The scheme is the second to be approved in the heart of Eccles in the last three years. Another scheme – also valued at £50m – was approved for nearby Church Street in 2019 and work is now underway on that site.

However, Mr Lee told councillors there was ‘no green space’ in the Eccles area for local people and he said the other residents wanted the site converted to open land.

Coun Mike McCusker, who represents the Eccles ward, said: “We’ve all seen what’s happened to town centres throughout the country as a result of changing shopping habits and in the case of Eccles the impact of the Trafford Centre.

“The potential that Eccles town centre has is no secret. There stands to be an extra 500 homes, if you include the Church Street development, and that’s a game changer.”

And he hailed the town’s transport links saying: “It has access to trams, trains and it’s right next to the M602. You couldn’t find a better place.”

Sketch of how the Albert Street, Eccles development will look Credit: Jeffrey BellSketch of how the Albert Street, Eccles development will look Credit: Jeffrey Bell
Sketch of how the Albert Street, Eccles development will look Credit: Jeffrey Bell

After the meeting, Mr Lee said that he was bitterly disappointed by the decision.

“When the developer started talking about £50m being spent on Albert Street and another £50m being spent in Chruch Street, they [the councillors] just had pound signs in their eyes,” he said.

The Albert Street site will be accessed off Peel Street and the development would provide 27 parking spaces with four disabled bays and six electric vehicle charging bays as well as three motorcycle parking spaces and internal cycle parking for 170 bikes, plus internal storage for two bikes per townhouse.

Other objectors wrote in citing the potential increase of congestion around the site during rush hour.

One said: “The development would increase the volume of traffic on the ‘triangle’ surrounding the development, leading to issues including pedestrian and road user safety and pollution levels.

“Access and exiting from the site and surrounding property are currently dangerous due to speeding and heavy vehicles, which the development worsen and so restrict quick access of emergency vehicles.”

Another said ‘the lack of car parking provided’ by the development would result in ‘overspill parking’ onto neighbouring streets, which would be compounded by existing development within the area.

They went on: “Furthermore, the development would not cater for visitors and the public transport offering within Eccles is not strong enough to compensate for the lack of parking.”

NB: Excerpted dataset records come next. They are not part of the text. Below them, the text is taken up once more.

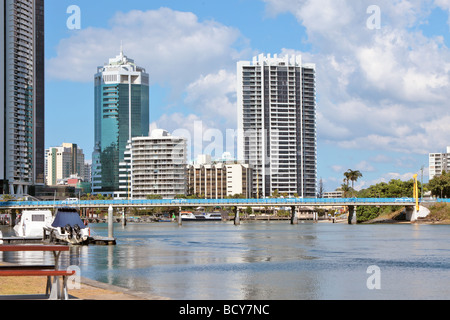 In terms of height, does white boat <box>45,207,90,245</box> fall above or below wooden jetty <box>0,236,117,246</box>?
above

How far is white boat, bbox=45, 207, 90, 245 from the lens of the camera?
84188 mm

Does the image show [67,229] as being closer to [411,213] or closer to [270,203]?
[270,203]

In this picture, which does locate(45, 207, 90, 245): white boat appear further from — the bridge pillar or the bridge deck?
the bridge pillar

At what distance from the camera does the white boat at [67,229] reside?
84188 millimetres

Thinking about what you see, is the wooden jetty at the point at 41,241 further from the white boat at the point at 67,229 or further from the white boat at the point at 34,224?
the white boat at the point at 34,224

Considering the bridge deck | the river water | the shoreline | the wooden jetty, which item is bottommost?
the wooden jetty

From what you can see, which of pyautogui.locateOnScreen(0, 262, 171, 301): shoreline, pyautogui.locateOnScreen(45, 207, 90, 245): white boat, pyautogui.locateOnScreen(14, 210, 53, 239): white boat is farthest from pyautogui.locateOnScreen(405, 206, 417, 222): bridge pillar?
pyautogui.locateOnScreen(0, 262, 171, 301): shoreline

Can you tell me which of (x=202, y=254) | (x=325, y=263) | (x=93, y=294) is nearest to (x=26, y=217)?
(x=202, y=254)

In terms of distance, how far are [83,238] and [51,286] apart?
59.7 metres

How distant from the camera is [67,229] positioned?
8588 centimetres

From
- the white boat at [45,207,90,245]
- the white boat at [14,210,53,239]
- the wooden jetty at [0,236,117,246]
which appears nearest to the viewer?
the white boat at [45,207,90,245]

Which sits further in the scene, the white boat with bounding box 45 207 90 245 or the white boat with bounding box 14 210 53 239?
the white boat with bounding box 14 210 53 239

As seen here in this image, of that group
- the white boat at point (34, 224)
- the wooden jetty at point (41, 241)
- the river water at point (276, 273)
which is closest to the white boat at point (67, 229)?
the wooden jetty at point (41, 241)

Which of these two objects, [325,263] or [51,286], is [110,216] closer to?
[325,263] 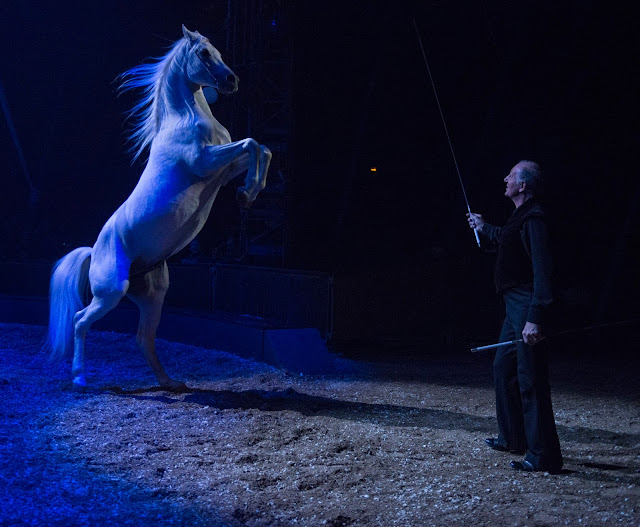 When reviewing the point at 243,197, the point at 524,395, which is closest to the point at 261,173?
the point at 243,197

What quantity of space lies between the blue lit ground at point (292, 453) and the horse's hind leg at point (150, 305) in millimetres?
164

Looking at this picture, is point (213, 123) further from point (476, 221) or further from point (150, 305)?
point (476, 221)

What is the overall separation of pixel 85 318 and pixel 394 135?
24.6ft

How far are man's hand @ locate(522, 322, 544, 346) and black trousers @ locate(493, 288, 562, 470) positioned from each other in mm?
161

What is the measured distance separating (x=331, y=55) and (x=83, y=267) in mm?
6634

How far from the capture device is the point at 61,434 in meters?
4.14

One of the objectors pointed to the ‘detrimental impact upon local services, like the NHS, utilities, education’ and fears of antisocial behaviour and another said the development would result in ‘overlooking’ and the loss of privacy of neighbouring property.

However, in a report to the panel, officers said that according to national planning policy planning decisions ‘should support the role that town centres play at the heart of local communities by taking a positive approach to their growth and management’.

It went on: “[The proposal] would provide a compliant mix of types and sizes [of homes] on the edge of the town centre.

“The proposed tenure of build-to-rent would be the subject of a Section 106 agreement to ensure the appropriate quality of provision. With this clause in place, the proposed development would be an appropriate use of this brownfield site.”